A Project Office located in Chatham County, North Carolina, colloquially known as "Big Hole", came online in the mid 1960s and was described by area residents and persons employed in the construction of the site as being "department-store sized" with walls "several feet thick" covered in copper, buried underground on large shock-absorbing springs, constructed with plumbing made out of rubber, and outfitted with tropospheric scatter antennas. The Big Hole Project Office was located on 191 acres of company-owned land surrounded with fencing, CCTV cameras, and steel crash barriers. According to observers of the Project Offices program, the physical description of Big Hole is consistent with the design of other known Project Offices. Big Hole may have been shuttered in 2008; media noted at the time that several convoys of trucks appeared to have moved large amounts of equipment out of the site over the course of several weeks and a company guard force had been withdrawn.
A Project Office located on Short Hill Mountain in Virginia was originally constructed in the 1960s and involved excavation of a large section of the mountain.

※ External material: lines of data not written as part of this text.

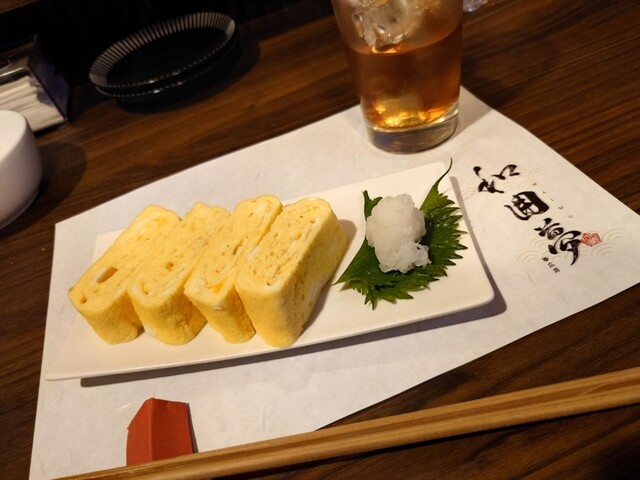 和囲夢 帯広店 - 帯広（居酒屋）の写真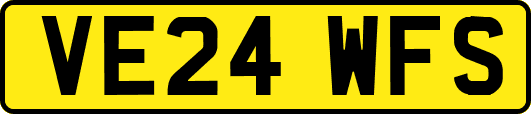 VE24WFS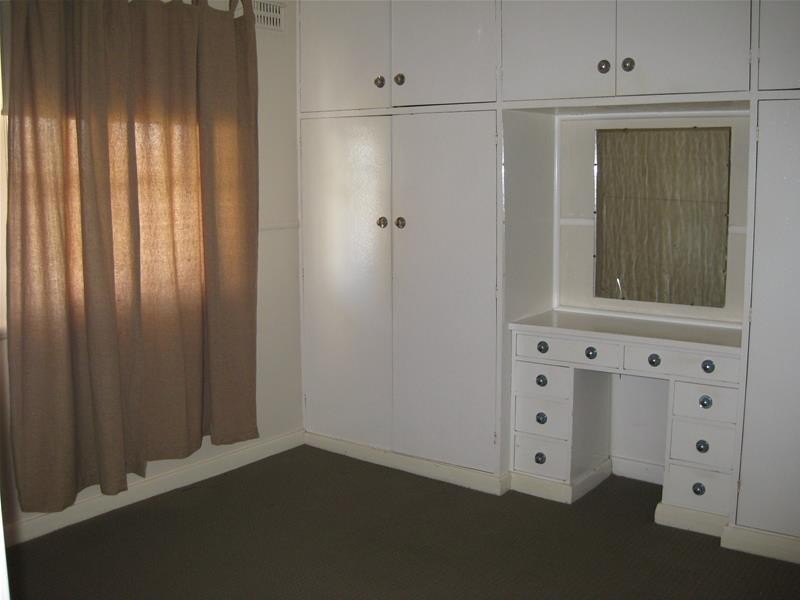 3 Hall Street, Weston NSW 2326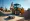 Master Backhoe Weights for Effective Project Management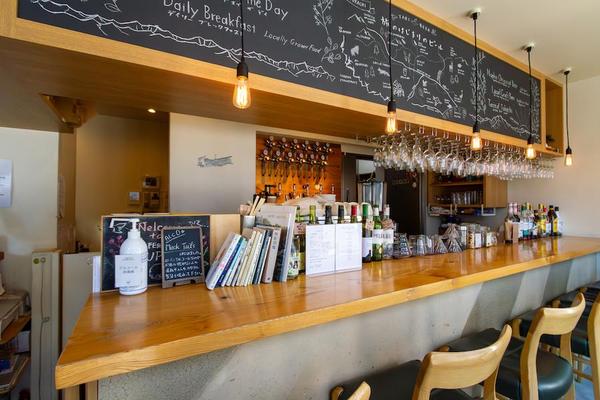 北海道の人、暮らし、仕事。くらしごと編集部 tweet media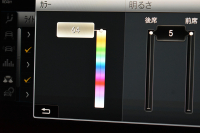 AMG Cクラス C43 4ﾏﾁｯｸ  ﾚｰﾀﾞｰｾｰﾌﾃｨP 後期型 3.0V6ﾀｰﾎﾞ 390馬力 ﾊﾟﾉﾗﾏｻﾝﾙｰﾌ ﾋｰﾀｰ黒本革 ﾃﾞｨｽﾄﾛ BSM Lﾁｪﾝｼﾞ AMGｴｱﾛ ｷｰGO ﾊﾟｰｸﾄﾛ ﾌｯﾄﾄﾗﾝｸ HUD ﾌﾞﾙﾒｽﾀｰS 液晶ﾒｰﾀｰ LEDﾍｯﾄﾞﾗｲﾄ 地ﾃﾞｼﾞﾅﾋﾞ Bｶﾒﾗ 2年保証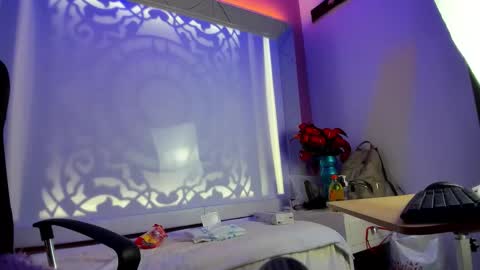 ChloeSignup For Free  Join my Fan Club online show from 05-29-26, 02:53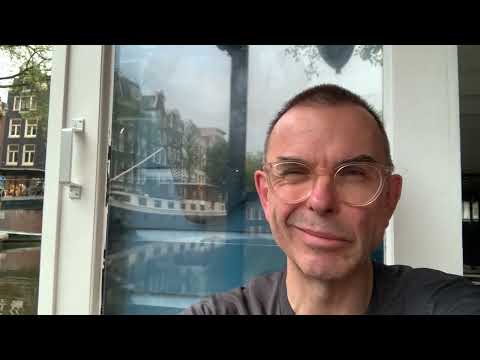 Kindness Bites #6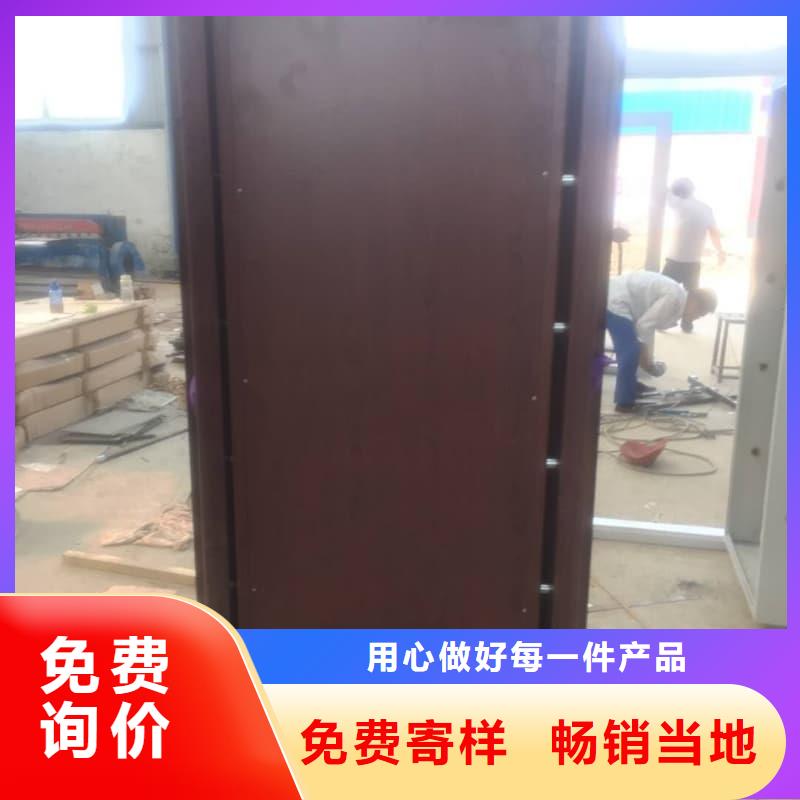 银行四类业务库服务贴心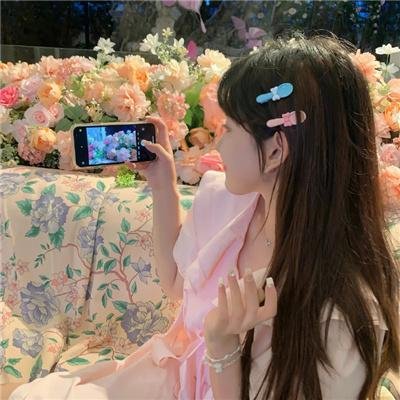 我赞红人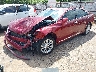 JTHBK1EG4C2****** Used and Repairable 2012 Lexus ES in Oklahoma City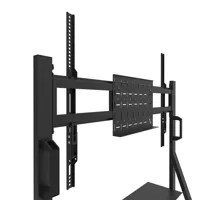 tv-mount-neomounts-fl50-525bl1-55-86-76-kg-s55243810-bbs55243810.jpg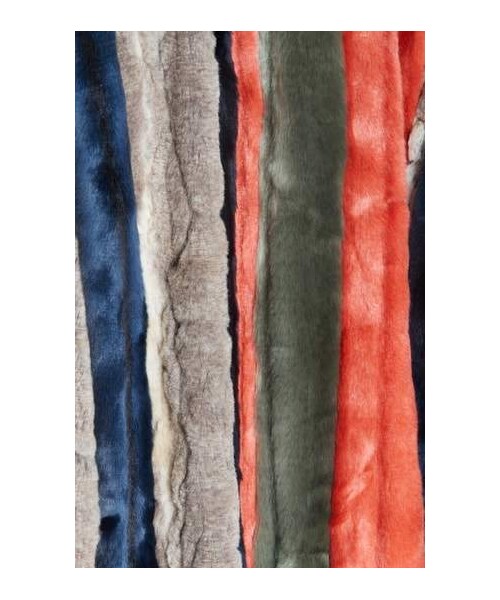 Y/Project（ワイプロジェクト）の「Y/Project Oversized Multicolor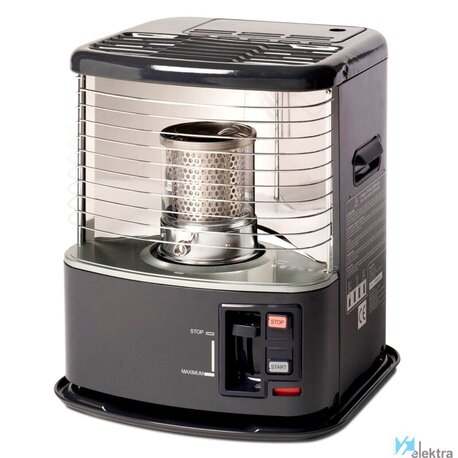 TOSAI TOSAI 241 A CE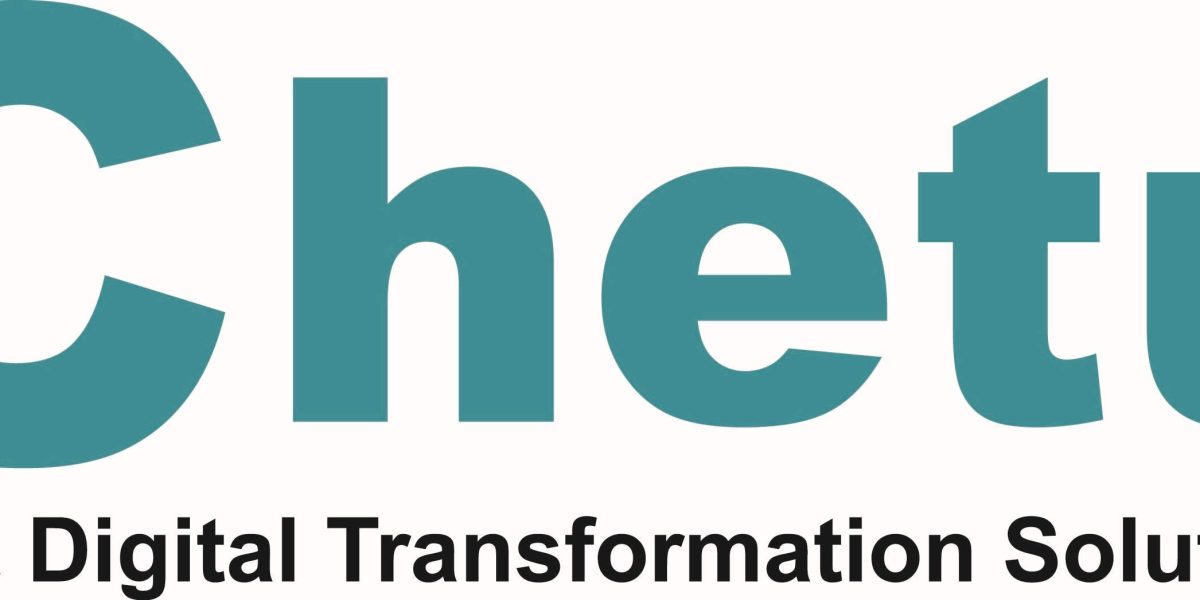 Chetu Hosts Free Executive Webinar: ‘Digital Transformation in Healthcare’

In 2016 AT&T announced plans to expand the site, what it referred to in zoning documents as "Project Aurelia", by adding a "structure described to be as large as a Costco store with eight super generators and a huge water storage tank at the site". The corporation "abruptly abandoned" Project Aurelia after local government officials proposed a public hearing on the construction to address environmental concerns.
Urban legends
Due to the private nature of Project Office business activities, wild claims and urban legends have sometimes accompanied description of the sites. Some residents of the Peters Mountain Project Office have claimed that "anti-aircraft artillery" was moved to the mountaintop in 2001. Residents near Short Hill Mountain claim the mountaintop is illuminated in blue lights at nighttime. Big Hole, meanwhile, has generated claims of aberrant lightning activity being witnessed over the site.